This was a little tricky to track down until I read the body of readRDS(). What it seems you need to do is
- Open a connection to the
.zip archive and the file inside it with unz()
- Apply GZIP decompression to this connection using
gzcon()
- And finally pass this decompressed connection to
readRDS().
Here's an example to illustrate using the following serialised matrix mat inside a zip archive matrix.zip
mat <- matrix(1:9, ncol = 3)
saveRDS(mat, "matrix.rds")
zip("matrix.zip", "matrix.rds")
Open a connection to matrix.zip
con <- unz("matrix.zip", filename = "matrix.rds")
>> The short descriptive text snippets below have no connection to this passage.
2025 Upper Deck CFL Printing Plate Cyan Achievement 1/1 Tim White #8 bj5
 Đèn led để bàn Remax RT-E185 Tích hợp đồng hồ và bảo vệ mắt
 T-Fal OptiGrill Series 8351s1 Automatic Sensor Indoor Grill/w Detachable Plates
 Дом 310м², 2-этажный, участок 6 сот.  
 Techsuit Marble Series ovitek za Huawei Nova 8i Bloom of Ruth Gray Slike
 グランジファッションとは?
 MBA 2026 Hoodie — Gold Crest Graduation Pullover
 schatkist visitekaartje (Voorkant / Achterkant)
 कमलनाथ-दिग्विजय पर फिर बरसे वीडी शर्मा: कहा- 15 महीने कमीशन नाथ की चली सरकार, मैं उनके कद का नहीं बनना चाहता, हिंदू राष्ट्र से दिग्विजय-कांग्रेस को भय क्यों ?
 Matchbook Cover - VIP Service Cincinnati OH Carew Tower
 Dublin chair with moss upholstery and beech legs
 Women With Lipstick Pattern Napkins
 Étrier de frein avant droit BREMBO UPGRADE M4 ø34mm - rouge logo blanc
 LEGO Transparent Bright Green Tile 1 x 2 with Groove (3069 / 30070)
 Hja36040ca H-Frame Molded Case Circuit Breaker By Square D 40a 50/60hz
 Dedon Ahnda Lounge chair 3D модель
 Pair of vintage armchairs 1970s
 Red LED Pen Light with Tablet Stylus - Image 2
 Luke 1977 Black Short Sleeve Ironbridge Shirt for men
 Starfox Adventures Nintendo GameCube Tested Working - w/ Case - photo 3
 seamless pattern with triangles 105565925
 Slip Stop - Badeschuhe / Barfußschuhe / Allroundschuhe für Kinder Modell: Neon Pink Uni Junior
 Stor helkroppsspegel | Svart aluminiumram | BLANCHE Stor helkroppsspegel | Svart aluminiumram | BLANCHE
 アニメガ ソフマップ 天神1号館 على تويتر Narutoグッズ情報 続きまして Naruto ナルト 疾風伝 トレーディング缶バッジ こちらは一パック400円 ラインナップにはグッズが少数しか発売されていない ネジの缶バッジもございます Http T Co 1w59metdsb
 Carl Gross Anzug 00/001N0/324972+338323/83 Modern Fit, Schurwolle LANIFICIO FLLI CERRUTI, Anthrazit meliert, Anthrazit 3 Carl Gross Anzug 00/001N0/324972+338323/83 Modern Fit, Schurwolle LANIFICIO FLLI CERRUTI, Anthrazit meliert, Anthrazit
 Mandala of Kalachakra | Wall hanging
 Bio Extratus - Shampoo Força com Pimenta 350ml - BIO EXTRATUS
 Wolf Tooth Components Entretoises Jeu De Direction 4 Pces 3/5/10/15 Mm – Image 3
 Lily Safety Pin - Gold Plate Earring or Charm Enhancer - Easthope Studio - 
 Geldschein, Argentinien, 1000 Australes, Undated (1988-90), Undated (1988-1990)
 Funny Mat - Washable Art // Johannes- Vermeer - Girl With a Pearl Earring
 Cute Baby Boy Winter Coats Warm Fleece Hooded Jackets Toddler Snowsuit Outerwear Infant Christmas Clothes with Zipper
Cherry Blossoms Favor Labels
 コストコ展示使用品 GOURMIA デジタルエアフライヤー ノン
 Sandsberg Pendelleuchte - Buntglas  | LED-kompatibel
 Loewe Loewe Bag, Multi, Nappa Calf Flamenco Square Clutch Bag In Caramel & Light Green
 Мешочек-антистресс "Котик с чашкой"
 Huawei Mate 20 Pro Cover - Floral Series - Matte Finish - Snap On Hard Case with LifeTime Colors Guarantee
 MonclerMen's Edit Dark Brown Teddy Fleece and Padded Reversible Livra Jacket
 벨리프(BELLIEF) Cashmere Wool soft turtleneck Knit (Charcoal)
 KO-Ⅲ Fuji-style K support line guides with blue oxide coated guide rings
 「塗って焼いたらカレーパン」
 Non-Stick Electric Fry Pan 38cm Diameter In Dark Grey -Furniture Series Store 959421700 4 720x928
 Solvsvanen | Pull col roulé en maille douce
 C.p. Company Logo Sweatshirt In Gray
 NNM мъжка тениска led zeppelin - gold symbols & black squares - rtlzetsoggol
Now, using gzcon(), apply GZIP decompression to this connection
con2 <- gzcon(con)
Finally, read from the connection
mat2 <- readRDS(con2)
In full we have
con <- unz("matrix.zip", filename = "matrix.rds")
con2 <- gzcon(con)
mat2 <- readRDS(con2)
close(con2)
This gives
> con <- unz("matrix.zip", filename = "matrix.rds")
> con2 <- gzcon(con)
> mat2 <- readRDS(con2)
> close(con2)
> mat2
[,1] [,2] [,3]
[1,] 1 4 7
[2,] 2 5 8
[3,] 3 6 9
> all.equal(mat, mat2)
[1] TRUE
Why?
Why you have to go through this convoluted extra step is (I think) described in ?readRDS:
Compression is handled by the connection opened when file is a
file name, so is only possible when file is a connection if
handled by the connection. So e.g. url connections will need to
be wrapped in a call to gzcon.
And if you look at the internals of readRDS() we see:
> readRDS
function (file, refhook = NULL)
{
if (is.character(file)) {
con <- gzfile(file, "rb")
on.exit(close(con))
}
else if (inherits(file, "connection"))
con <- file
else stop("bad 'file' argument")
.Internal(unserializeFromConn(con, refhook))
}
<bytecode: 0x2841998>
<environment: namespace:base>
If file is a character string for the file name, the object is decompressed using gzile() to create the connection to the .rds we want to read. Notice that if you pass a connection as file, as you want to do, at no point has R decompressed the connection. file is just assigned to con and then passed to the internal function unserializeFromConn. Hence wrapping gzcon() around the connection created by unz works.
Basically, when unserializeFromConn reads from a connection it expects it to be decompressed but that decompression only happen automagically when you pass readRDS() a filename, not a connection.